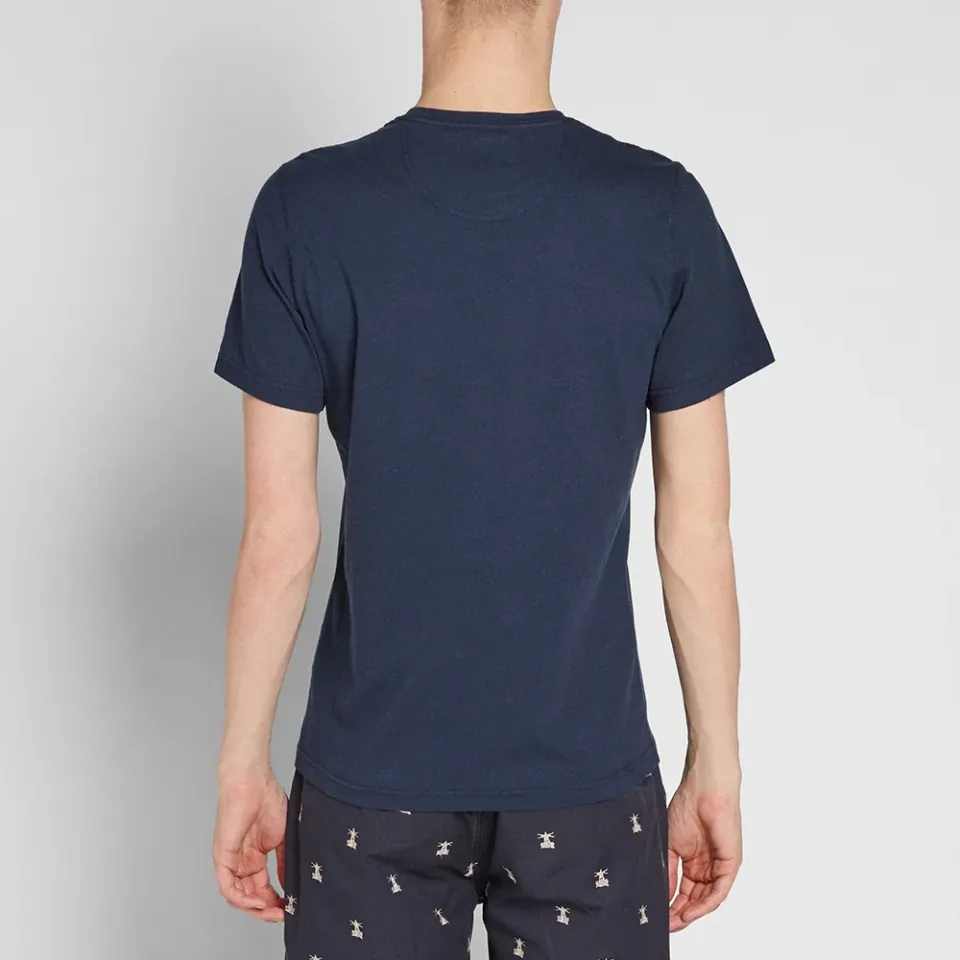 North Sea Tee
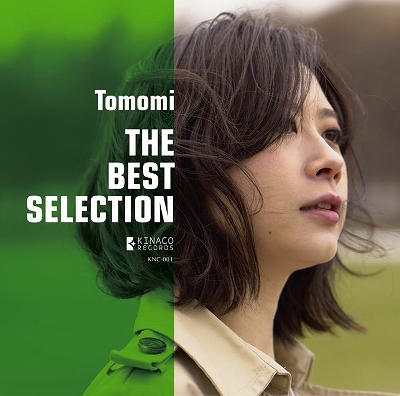 画像1: Tomomi / 「Tomomi THE BEST SELECTION」[2018.08.25発売]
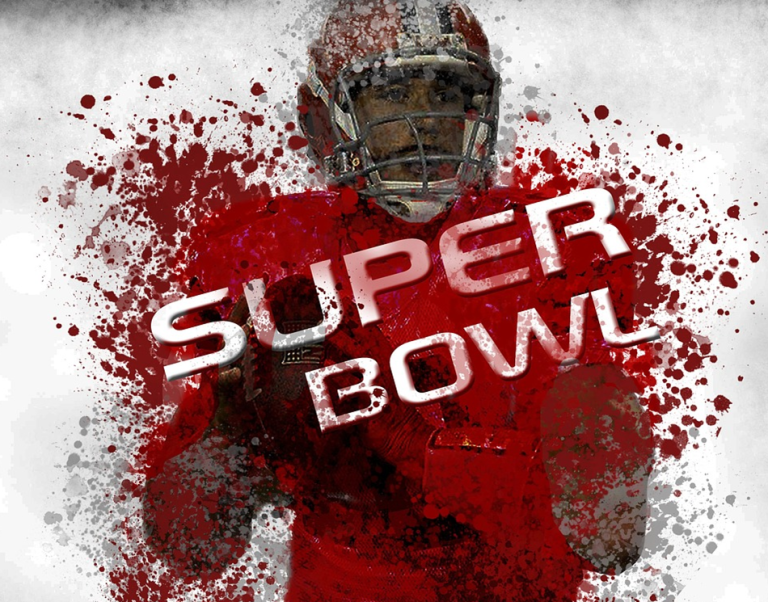 Super Bowl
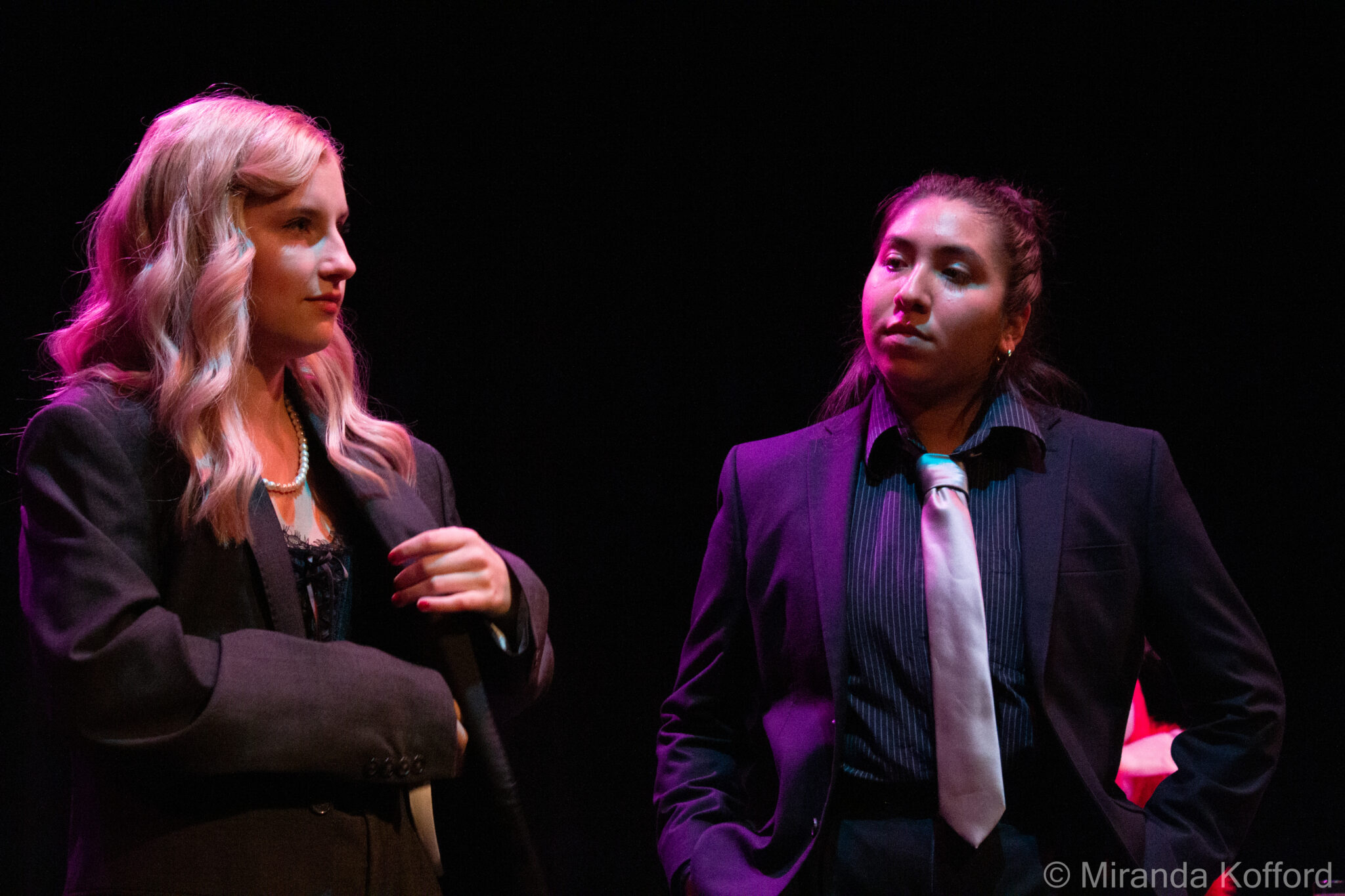 Student Group Spotlight Dorothy’s Friends Theatre Company · School of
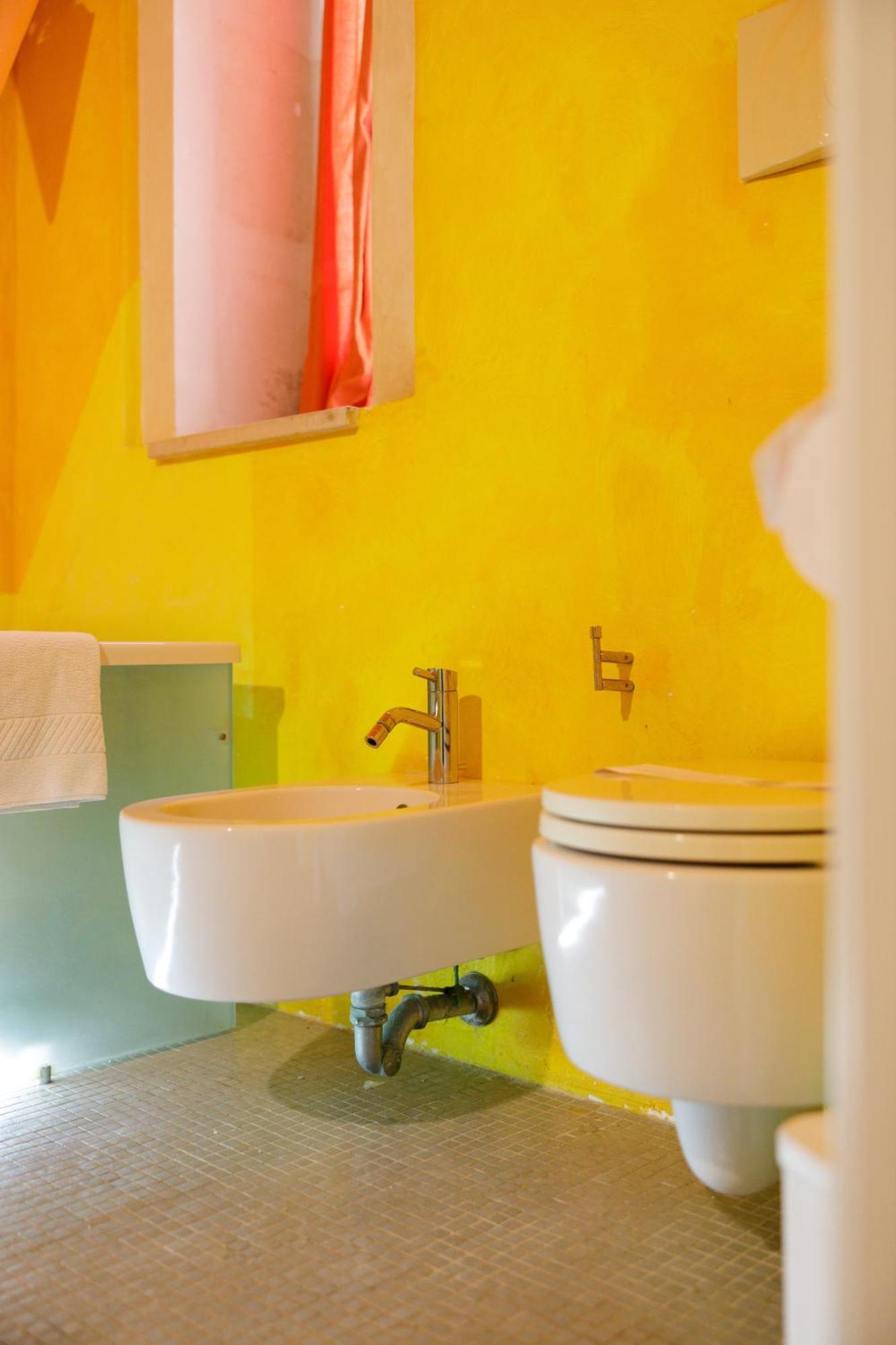 Camera Con Bagno Privato Vista Mare Ortigia Syracuse Exterior foto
..............................
## WHAT TO PRODUCE:
Write out the data exactly, but not its pictures.

## RESPONSE BOX:
 North Sea Tee
 画像1: Tomomi / 「Tomomi THE BEST SELECTION」[2018.08.25発売]
 Super Bowl
 Student Group Spotlight Dorothy’s Friends Theatre Company · School of
 Camera Con Bagno Privato Vista Mare Ortigia Syracuse Exterior foto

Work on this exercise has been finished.